* **SOURCE INFORMATION**
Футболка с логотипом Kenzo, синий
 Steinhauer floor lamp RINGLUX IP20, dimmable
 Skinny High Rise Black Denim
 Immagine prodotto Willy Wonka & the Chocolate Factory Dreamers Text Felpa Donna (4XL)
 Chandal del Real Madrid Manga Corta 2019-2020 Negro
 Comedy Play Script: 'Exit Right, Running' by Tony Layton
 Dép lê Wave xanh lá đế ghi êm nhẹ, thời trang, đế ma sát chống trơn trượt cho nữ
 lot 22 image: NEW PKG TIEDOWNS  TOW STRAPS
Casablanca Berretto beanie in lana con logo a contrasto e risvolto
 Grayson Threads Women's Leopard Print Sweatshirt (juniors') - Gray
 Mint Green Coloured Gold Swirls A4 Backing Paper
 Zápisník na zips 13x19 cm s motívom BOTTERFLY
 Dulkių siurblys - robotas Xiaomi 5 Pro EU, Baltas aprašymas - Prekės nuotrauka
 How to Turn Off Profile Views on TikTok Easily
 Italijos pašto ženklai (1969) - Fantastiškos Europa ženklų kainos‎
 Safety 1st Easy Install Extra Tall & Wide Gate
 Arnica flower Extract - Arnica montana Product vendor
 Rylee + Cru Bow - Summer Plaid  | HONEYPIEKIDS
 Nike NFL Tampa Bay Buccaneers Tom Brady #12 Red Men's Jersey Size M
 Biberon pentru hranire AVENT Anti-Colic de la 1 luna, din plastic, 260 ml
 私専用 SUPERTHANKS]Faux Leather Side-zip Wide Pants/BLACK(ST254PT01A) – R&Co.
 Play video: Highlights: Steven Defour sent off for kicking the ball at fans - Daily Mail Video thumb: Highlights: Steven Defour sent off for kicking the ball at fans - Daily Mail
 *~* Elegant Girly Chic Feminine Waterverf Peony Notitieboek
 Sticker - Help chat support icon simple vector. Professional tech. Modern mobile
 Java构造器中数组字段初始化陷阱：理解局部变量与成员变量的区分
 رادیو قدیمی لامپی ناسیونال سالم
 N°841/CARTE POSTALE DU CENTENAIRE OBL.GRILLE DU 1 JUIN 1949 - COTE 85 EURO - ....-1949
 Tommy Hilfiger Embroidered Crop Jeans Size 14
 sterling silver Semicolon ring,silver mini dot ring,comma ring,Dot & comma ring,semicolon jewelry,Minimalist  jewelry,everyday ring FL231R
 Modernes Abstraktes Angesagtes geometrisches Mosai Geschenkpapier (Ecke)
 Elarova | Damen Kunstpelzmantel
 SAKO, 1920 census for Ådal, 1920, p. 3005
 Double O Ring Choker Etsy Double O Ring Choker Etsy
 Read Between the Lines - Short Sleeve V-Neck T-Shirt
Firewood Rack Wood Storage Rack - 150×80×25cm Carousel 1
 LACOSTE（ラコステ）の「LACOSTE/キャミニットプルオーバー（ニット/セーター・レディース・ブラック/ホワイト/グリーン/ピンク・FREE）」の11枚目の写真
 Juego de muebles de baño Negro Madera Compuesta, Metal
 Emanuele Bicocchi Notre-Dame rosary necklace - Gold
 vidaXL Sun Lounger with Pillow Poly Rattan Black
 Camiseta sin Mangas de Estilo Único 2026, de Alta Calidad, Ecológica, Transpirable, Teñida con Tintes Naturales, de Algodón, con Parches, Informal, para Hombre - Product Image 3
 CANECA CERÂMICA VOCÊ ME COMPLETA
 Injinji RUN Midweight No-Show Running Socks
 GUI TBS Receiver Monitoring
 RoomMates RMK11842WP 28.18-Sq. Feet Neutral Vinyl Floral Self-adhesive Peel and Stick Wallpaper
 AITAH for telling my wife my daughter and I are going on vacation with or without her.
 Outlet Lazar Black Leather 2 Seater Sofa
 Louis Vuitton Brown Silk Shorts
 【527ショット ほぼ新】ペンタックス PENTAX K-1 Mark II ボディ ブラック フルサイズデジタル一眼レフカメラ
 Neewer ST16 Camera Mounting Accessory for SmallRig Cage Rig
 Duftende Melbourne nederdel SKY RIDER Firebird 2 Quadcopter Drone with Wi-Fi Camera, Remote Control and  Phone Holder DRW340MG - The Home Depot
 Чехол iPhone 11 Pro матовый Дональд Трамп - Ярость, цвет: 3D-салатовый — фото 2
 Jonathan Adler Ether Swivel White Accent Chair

* **WHAT IS NEEDED**
Return the full listing, character for character.

* **RESULT FOR THIS TASK**
Футболка с логотипом Kenzo, синий
 Steinhauer floor lamp RINGLUX IP20, dimmable
 Skinny High Rise Black Denim
 Immagine prodotto Willy Wonka & the Chocolate Factory Dreamers Text Felpa Donna (4XL)
 Chandal del Real Madrid Manga Corta 2019-2020 Negro
 Comedy Play Script: 'Exit Right, Running' by Tony Layton
 Dép lê Wave xanh lá đế ghi êm nhẹ, thời trang, đế ma sát chống trơn trượt cho nữ
 lot 22 image: NEW PKG TIEDOWNS  TOW STRAPS
Casablanca Berretto beanie in lana con logo a contrasto e risvolto
 Grayson Threads Women's Leopard Print Sweatshirt (juniors') - Gray
 Mint Green Coloured Gold Swirls A4 Backing Paper
 Zápisník na zips 13x19 cm s motívom BOTTERFLY
 Dulkių siurblys - robotas Xiaomi 5 Pro EU, Baltas aprašymas - Prekės nuotrauka
 How to Turn Off Profile Views on TikTok Easily
 Italijos pašto ženklai (1969) - Fantastiškos Europa ženklų kainos‎
 Safety 1st Easy Install Extra Tall & Wide Gate
 Arnica flower Extract - Arnica montana Product vendor
 Rylee + Cru Bow - Summer Plaid  | HONEYPIEKIDS
 Nike NFL Tampa Bay Buccaneers Tom Brady #12 Red Men's Jersey Size M
 Biberon pentru hranire AVENT Anti-Colic de la 1 luna, din plastic, 260 ml
 私専用 SUPERTHANKS]Faux Leather Side-zip Wide Pants/BLACK(ST254PT01A) – R&Co.
 Play video: Highlights: Steven Defour sent off for kicking the ball at fans - Daily Mail Video thumb: Highlights: Steven Defour sent off for kicking the ball at fans - Daily Mail
 *~* Elegant Girly Chic Feminine Waterverf Peony Notitieboek
 Sticker - Help chat support icon simple vector. Professional tech. Modern mobile
 Java构造器中数组字段初始化陷阱：理解局部变量与成员变量的区分
 رادیو قدیمی لامپی ناسیونال سالم
 N°841/CARTE POSTALE DU CENTENAIRE OBL.GRILLE DU 1 JUIN 1949 - COTE 85 EURO - ....-1949
 Tommy Hilfiger Embroidered Crop Jeans Size 14
 sterling silver Semicolon ring,silver mini dot ring,comma ring,Dot & comma ring,semicolon jewelry,Minimalist  jewelry,everyday ring FL231R
 Modernes Abstraktes Angesagtes geometrisches Mosai Geschenkpapier (Ecke)
 Elarova | Damen Kunstpelzmantel
 SAKO, 1920 census for Ådal, 1920, p. 3005
 Double O Ring Choker Etsy Double O Ring Choker Etsy
 Read Between the Lines - Short Sleeve V-Neck T-Shirt
Firewood Rack Wood Storage Rack - 150×80×25cm Carousel 1
 LACOSTE（ラコステ）の「LACOSTE/キャミニットプルオーバー（ニット/セーター・レディース・ブラック/ホワイト/グリーン/ピンク・FREE）」の11枚目の写真
 Juego de muebles de baño Negro Madera Compuesta, Metal
 Emanuele Bicocchi Notre-Dame rosary necklace - Gold
 vidaXL Sun Lounger with Pillow Poly Rattan Black
 Camiseta sin Mangas de Estilo Único 2026, de Alta Calidad, Ecológica, Transpirable, Teñida con Tintes Naturales, de Algodón, con Parches, Informal, para Hombre - Product Image 3
 CANECA CERÂMICA VOCÊ ME COMPLETA
 Injinji RUN Midweight No-Show Running Socks
 GUI TBS Receiver Monitoring
 RoomMates RMK11842WP 28.18-Sq. Feet Neutral Vinyl Floral Self-adhesive Peel and Stick Wallpaper
 AITAH for telling my wife my daughter and I are going on vacation with or without her.
 Outlet Lazar Black Leather 2 Seater Sofa
 Louis Vuitton Brown Silk Shorts
 【527ショット ほぼ新】ペンタックス PENTAX K-1 Mark II ボディ ブラック フルサイズデジタル一眼レフカメラ
 Neewer ST16 Camera Mounting Accessory for SmallRig Cage Rig
 Duftende Melbourne nederdel SKY RIDER Firebird 2 Quadcopter Drone with Wi-Fi Camera, Remote Control and  Phone Holder DRW340MG - The Home Depot
 Чехол iPhone 11 Pro матовый Дональд Трамп - Ярость, цвет: 3D-салатовый — фото 2
 Jonathan Adler Ether Swivel White Accent Chair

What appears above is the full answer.